Just days after taking office, Trump signed a sweeping executive order making good on his key campaign pledge to crack down on illegal immigration. In addition to authorizing the construction of a border wall with Mexico and beefing up immigration enforcement, the order also threatens to cut billions of dollars in federal funds from so-called sanctuary cities.
“Sanctuary jurisdictions across the United States willfully violate Federal law in an attempt to shield aliens from removal from the United States,” the order states. It warns that those jurisdiction that don’t comply with federal immigration enforcement efforts will lose federal funding. “These jurisdictions have caused immeasurable harm to the American people and to the very fabric of our Republic.”
Trump’s order instructs federal immigration authorities to target a broader group of immigrants for deportation. It calls for the removal of immigrants “who have committed acts that constitute a chargeable criminal offense” or pose a public safety risk.
In response to Trump’s election victory in November, mayors and police chiefs in more than 10 major cities, including San Francisco, Oakland, Los Angeles, New York, Chicago and Washington, D.C., reaffirmed their commitment to upholding sanctuary polices, and have continued to stand by those positions in the face of the recent order.
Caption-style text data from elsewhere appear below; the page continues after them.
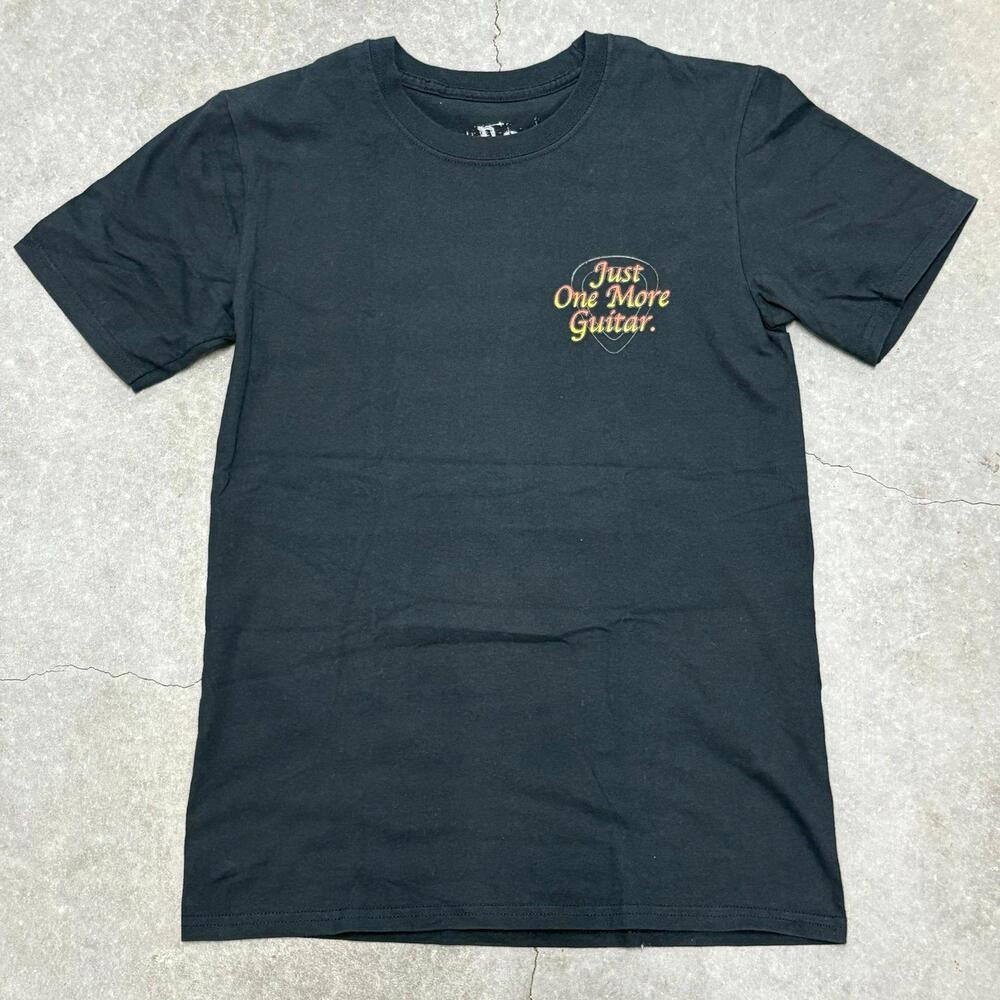 TABOO Guitar Pic T Shirt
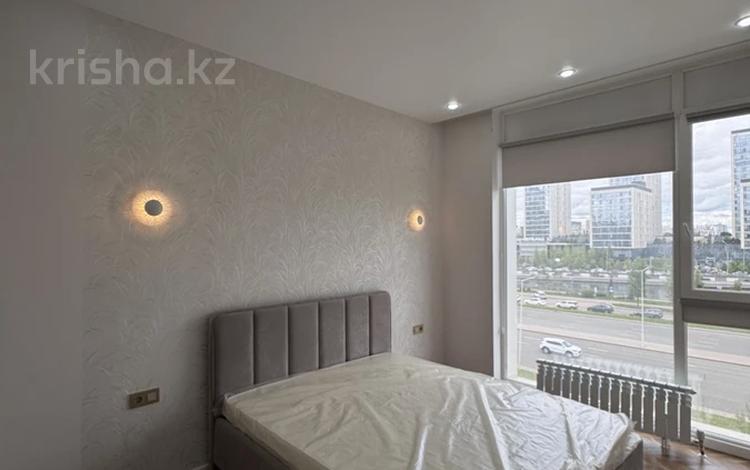 2-комнатная квартира · 60 м² · 4 этаж, ул. Сыганак 28 за 300 000 ₸ в Астане, Есильский р-н — фото 13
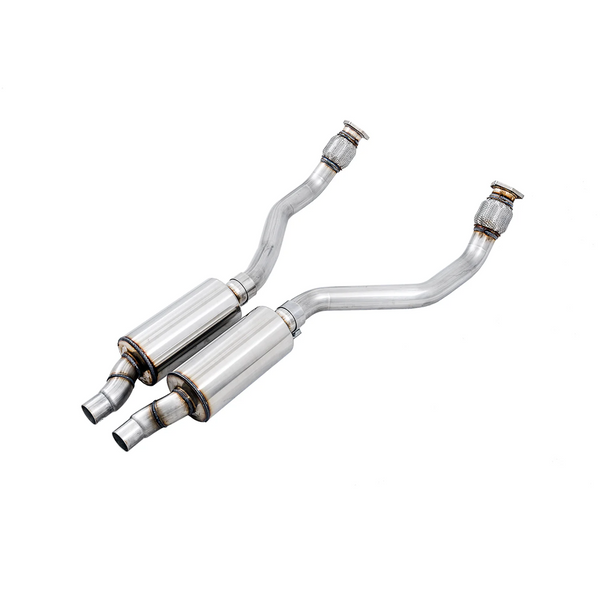 AWE Tuning Downpipes for Audi S5 B8 (2009–2016)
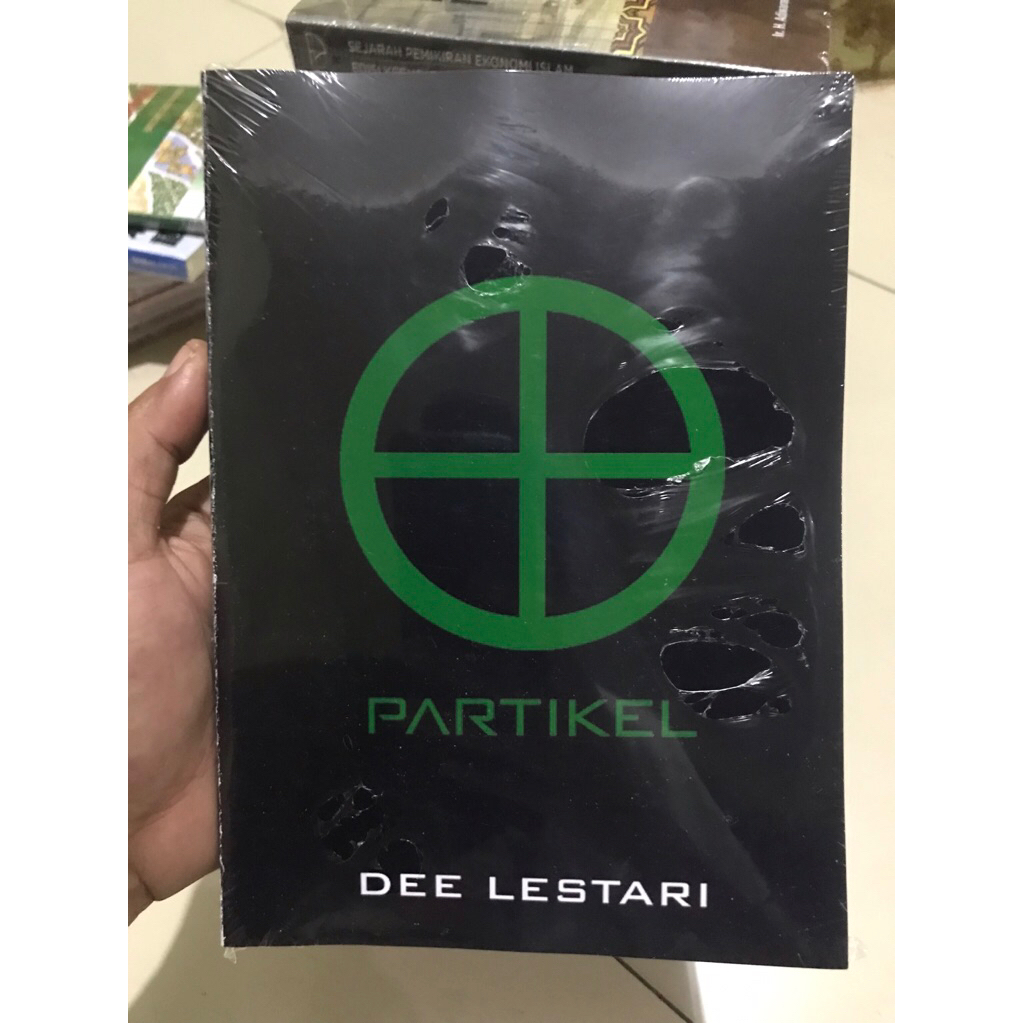 MP - Partikel oleh Dee lestarii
“We’ll proudly stand as a sanctuary city — protecting our residents from what we deem unjust federal immigration laws — fight all forms of bigotry and advance our commitment to equity even more passionately,” Oakland Mayor Libby Schaaf stated shortly after the election.
San Francisco Mayor Ed Lee reiterated that sentiment on Jan. 26 in his State of the City address: “We are a sanctuary city now, tomorrow, forever.”
On Jan. 31, San Francisco became the first city to sue Trump over his order to defund sanctuary jurisdictions. The lawsuit argues that the order is an unconstitutional overreach of the president’s power, in violation of the 10th Amendment, which it says protects the sovereignty of local jurisdictions.
“President Trump’s executive order tries to turn city and state employees into federal immigration officers. That is unconstitutional,” San Francisco City Attorney Dennis Herrera said when announcing the suit. “No president can commandeer the local police force and turn it into the deportation arm of the federal government.”
San Francisco receives nearly $500 million a year in federal funds, which would be at risk if Trump’s order survives in court.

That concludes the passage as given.